> **Exercise brief**
Below are records to be repeated exactly. Leave their pictures behind.

> **Provided entries**
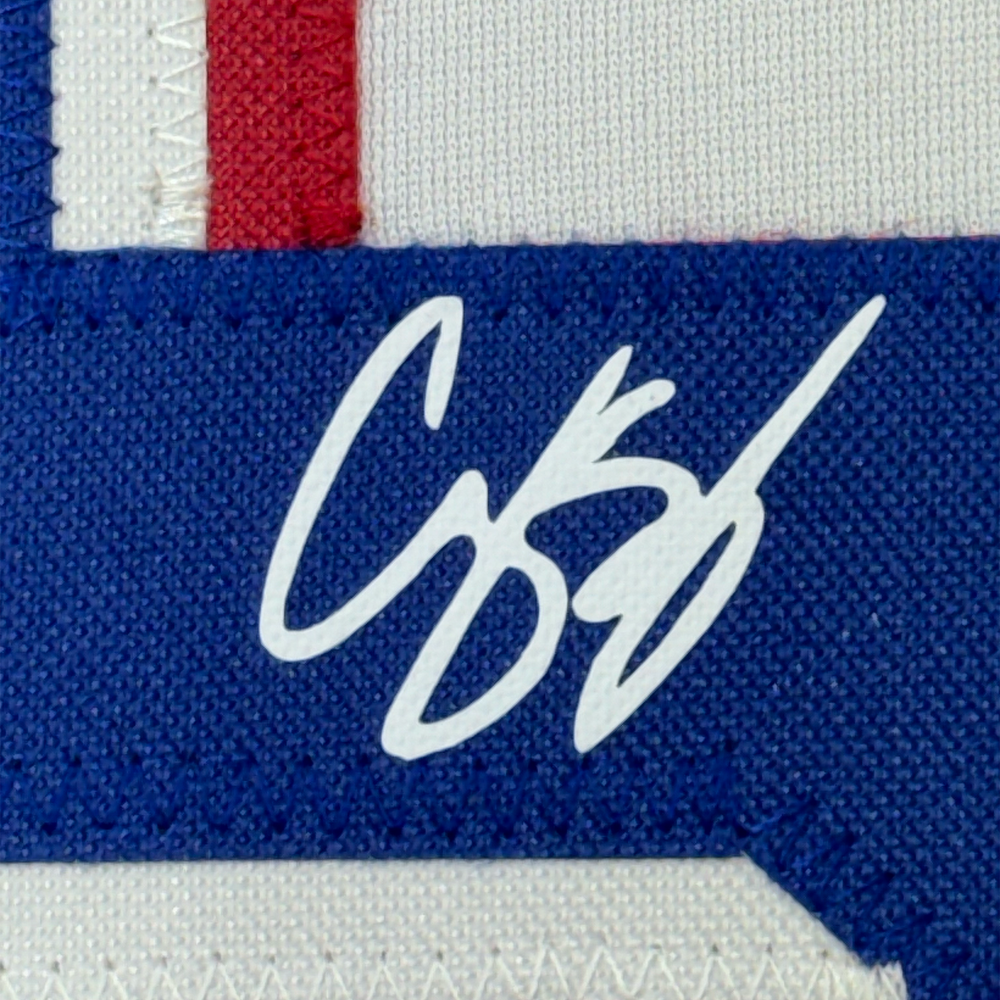 Framed Facsimile Autographed Corey Seager 35x39 Texas White Reprint Laser Auto Baseball Jersey (ONLINE ORDER ONLY)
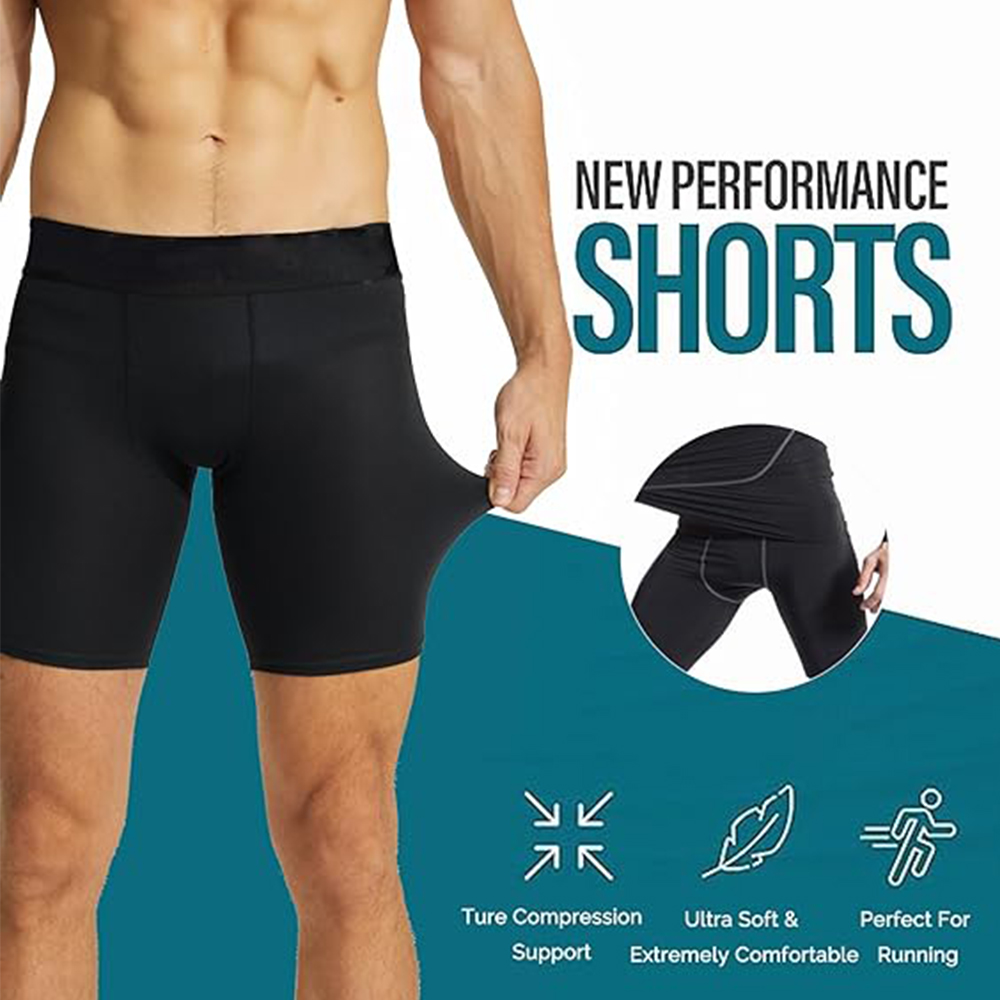 3 pak celana pendek kompresi u - Compression Shorts Athletes ulasan dan harga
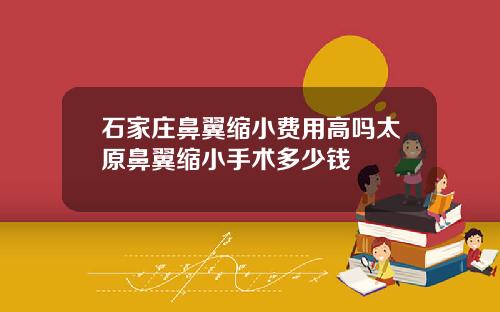 石家庄鼻翼缩小费用高吗太原鼻翼缩小手术多少钱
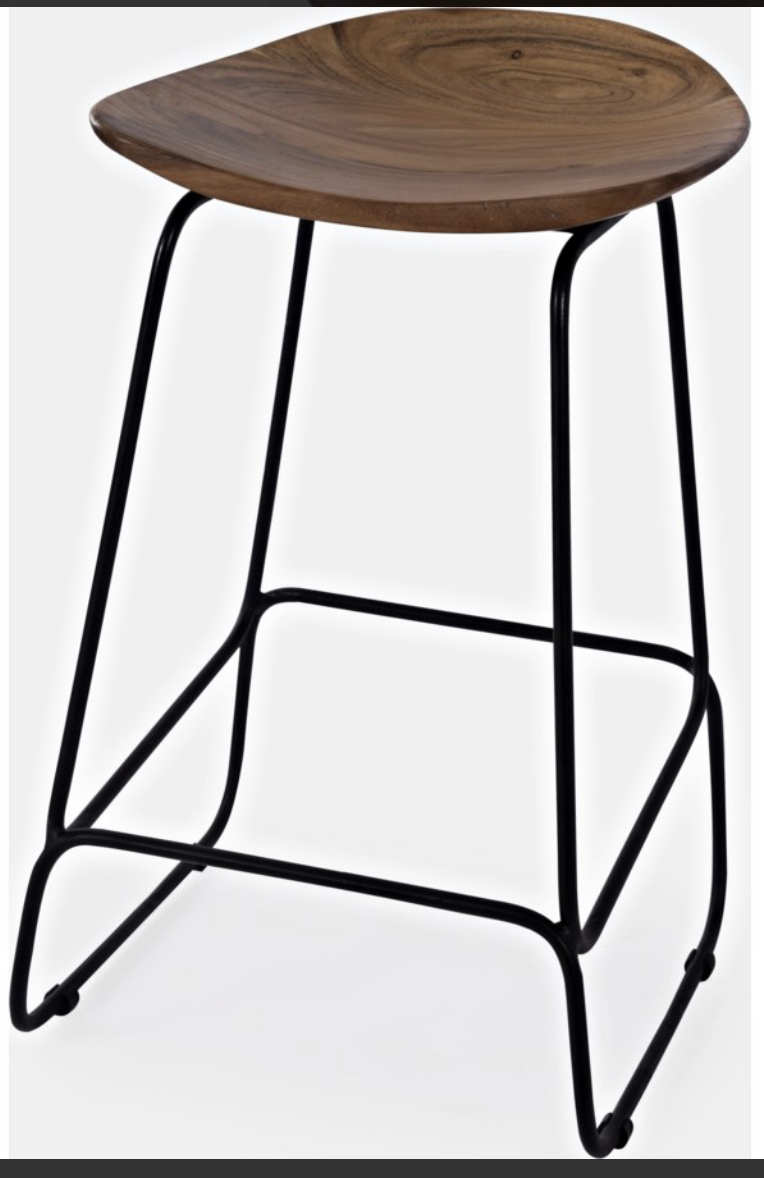 COUNTER HEIGHT BACKLESS STOOL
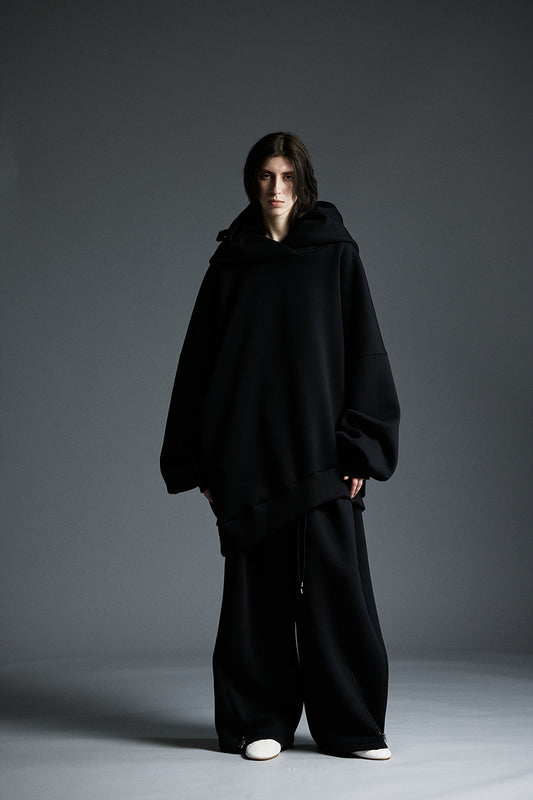 NEOPRENE EXTRA LARGE HOODIE BLACK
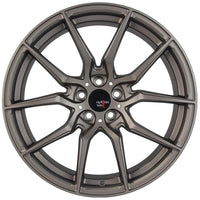 Option Lab Noble Grey R716 18x8.5 +35 5x114.3 15+ WRX STI 17+ Civic Si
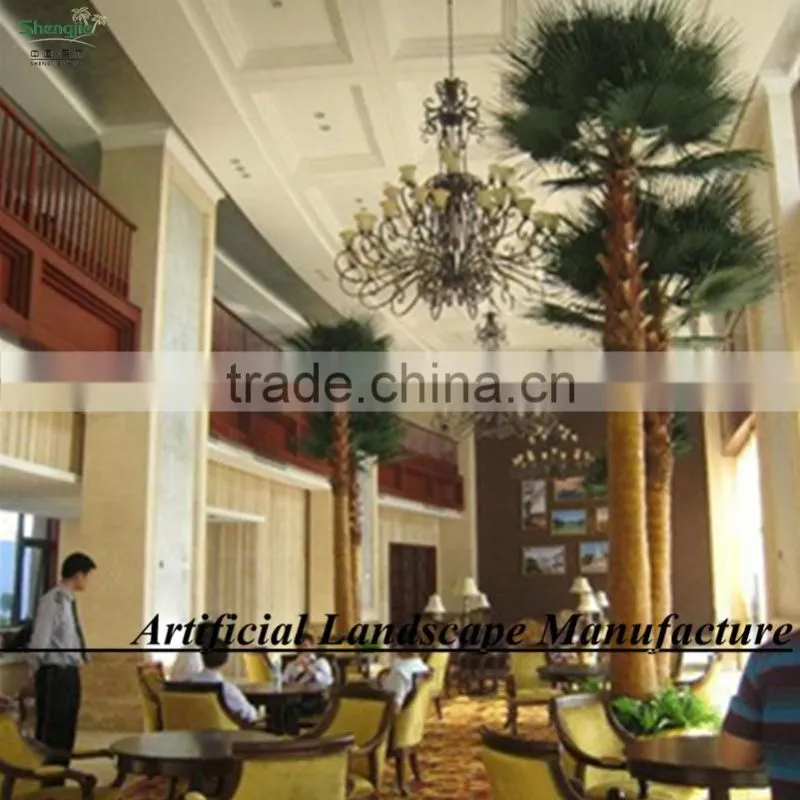 2016 outdoor decorative metal palm trees make sale artificial palm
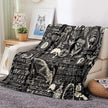 Halloween Witch Blanket Flannel Blanket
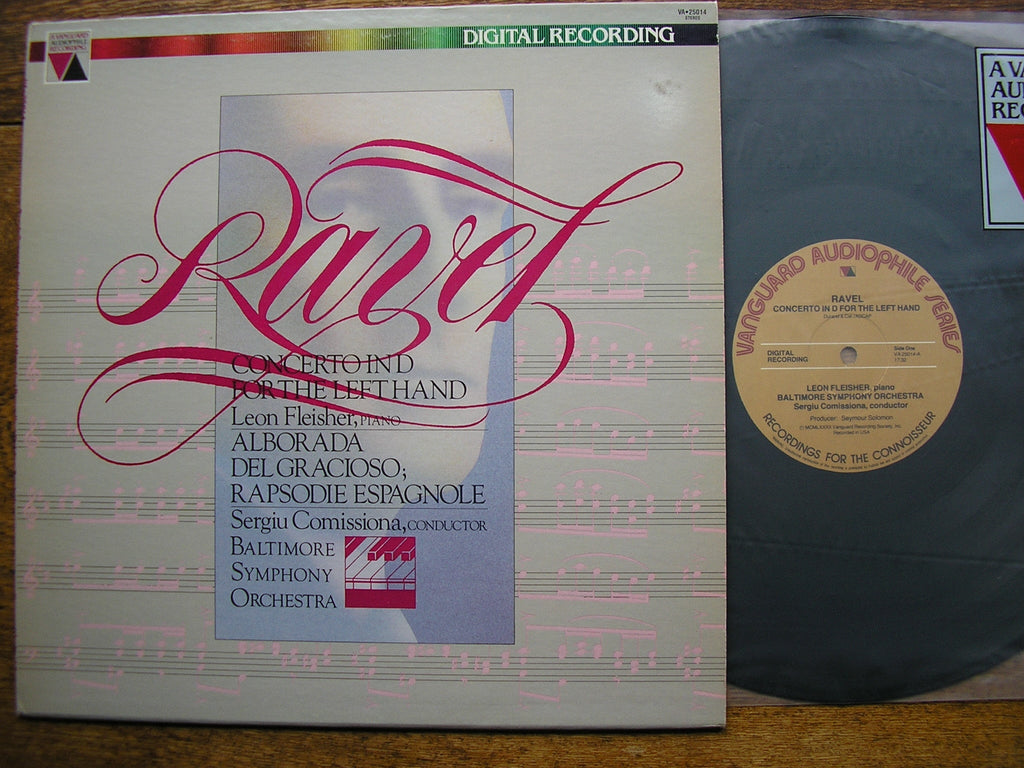 RAVEL: CONCERTO FOR THE LEFT HAND / RAPSODIE / ALBORADA   FLEISHER / BALTIMORE SYMPHONY / COMISSIONA  VA 25014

> **Task response**
 Framed Facsimile Autographed Corey Seager 35x39 Texas White Reprint Laser Auto Baseball Jersey (ONLINE ORDER ONLY)
 3 pak celana pendek kompresi u - Compression Shorts Athletes ulasan dan harga
 石家庄鼻翼缩小费用高吗太原鼻翼缩小手术多少钱
 COUNTER HEIGHT BACKLESS STOOL
 NEOPRENE EXTRA LARGE HOODIE BLACK
 Option Lab Noble Grey R716 18x8.5 +35 5x114.3 15+ WRX STI 17+ Civic Si
 2016 outdoor decorative metal palm trees make sale artificial palm
 Halloween Witch Blanket Flannel Blanket
 RAVEL: CONCERTO FOR THE LEFT HAND / RAPSODIE / ALBORADA   FLEISHER / BALTIMORE SYMPHONY / COMISSIONA  VA 25014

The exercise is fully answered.